- _ABOUT THIS EXERCISE_: Write out every line below again exactly as it stands, skipping each image.
* * * * * * * * *
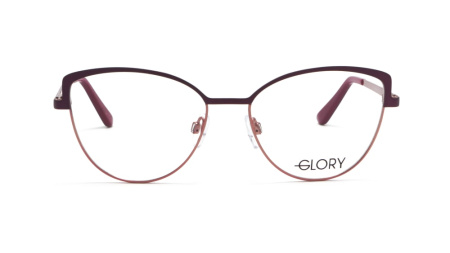 Изображение 5: Оправа для очков GLORY 613 BORDO 53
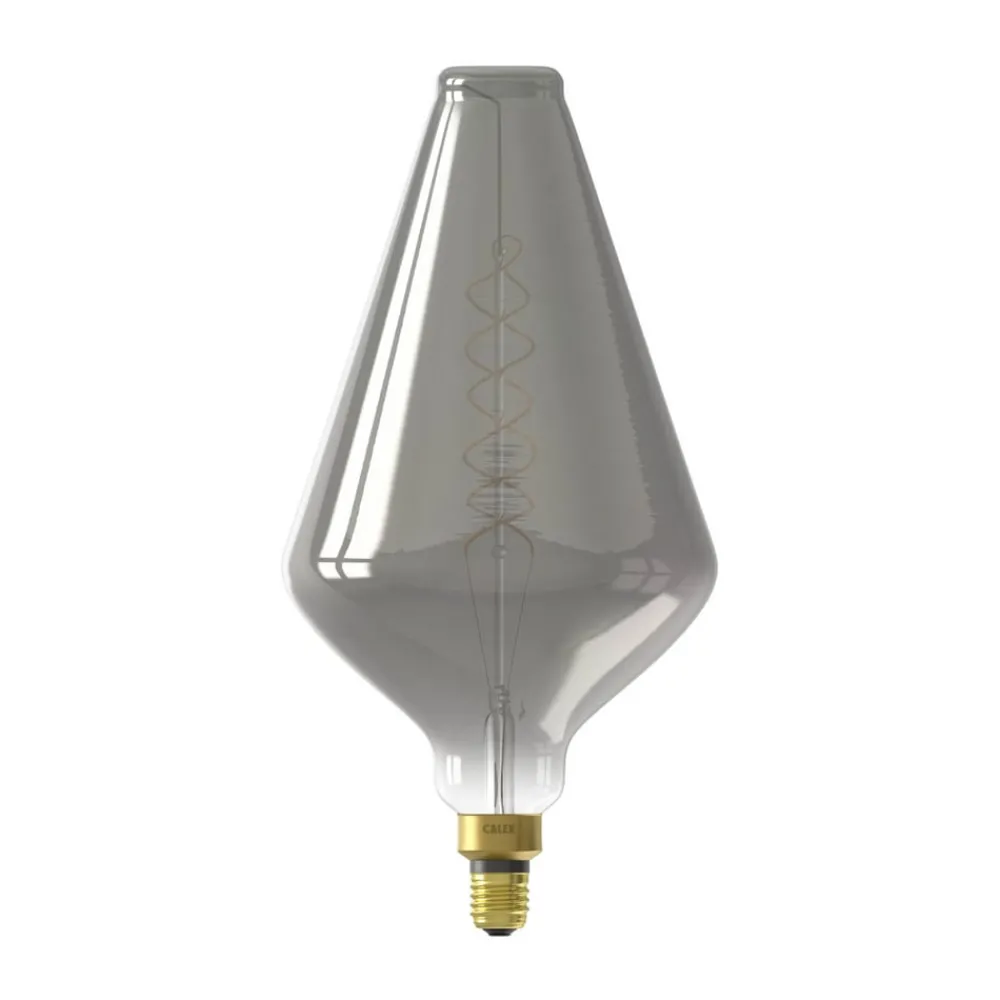 Calex Dæmpbar Led-Pære|Filament Pære > Vienna LED-pære E27 6 W dim 1.800 K titan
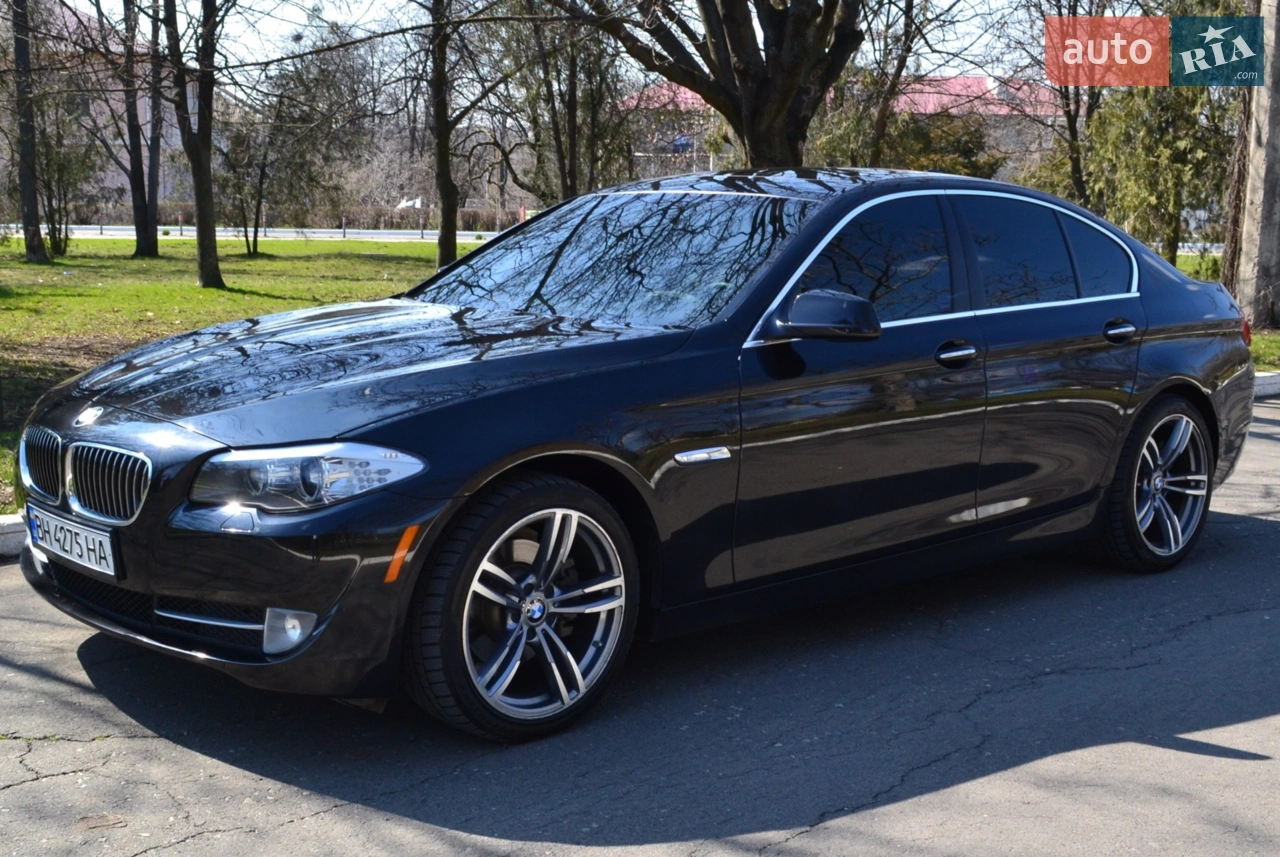 2012 BMW 5er - мініатюра 24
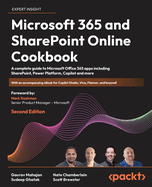 Microsoft 365 and Sharepoint Online Cookbook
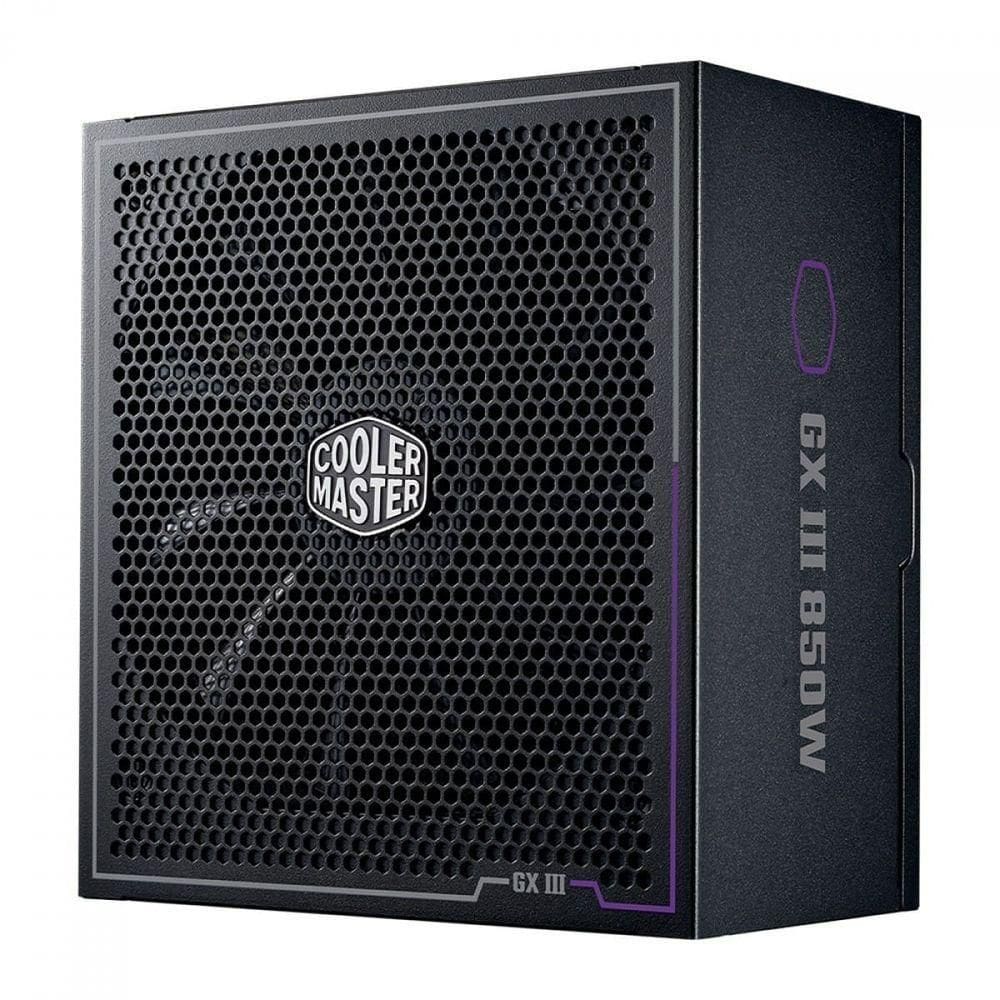 Fonte Cooler Master Gxiii 850w 80 Plus Gold Full Modular - Mpx-8503-afag-bwo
* * * * * * * * *
- _RESPONSE BELOW_:
 Изображение 5: Оправа для очков GLORY 613 BORDO 53
 Calex Dæmpbar Led-Pære|Filament Pære > Vienna LED-pære E27 6 W dim 1.800 K titan
 2012 BMW 5er - мініатюра 24
 Microsoft 365 and Sharepoint Online Cookbook
 Fonte Cooler Master Gxiii 850w 80 Plus Gold Full Modular - Mpx-8503-afag-bwo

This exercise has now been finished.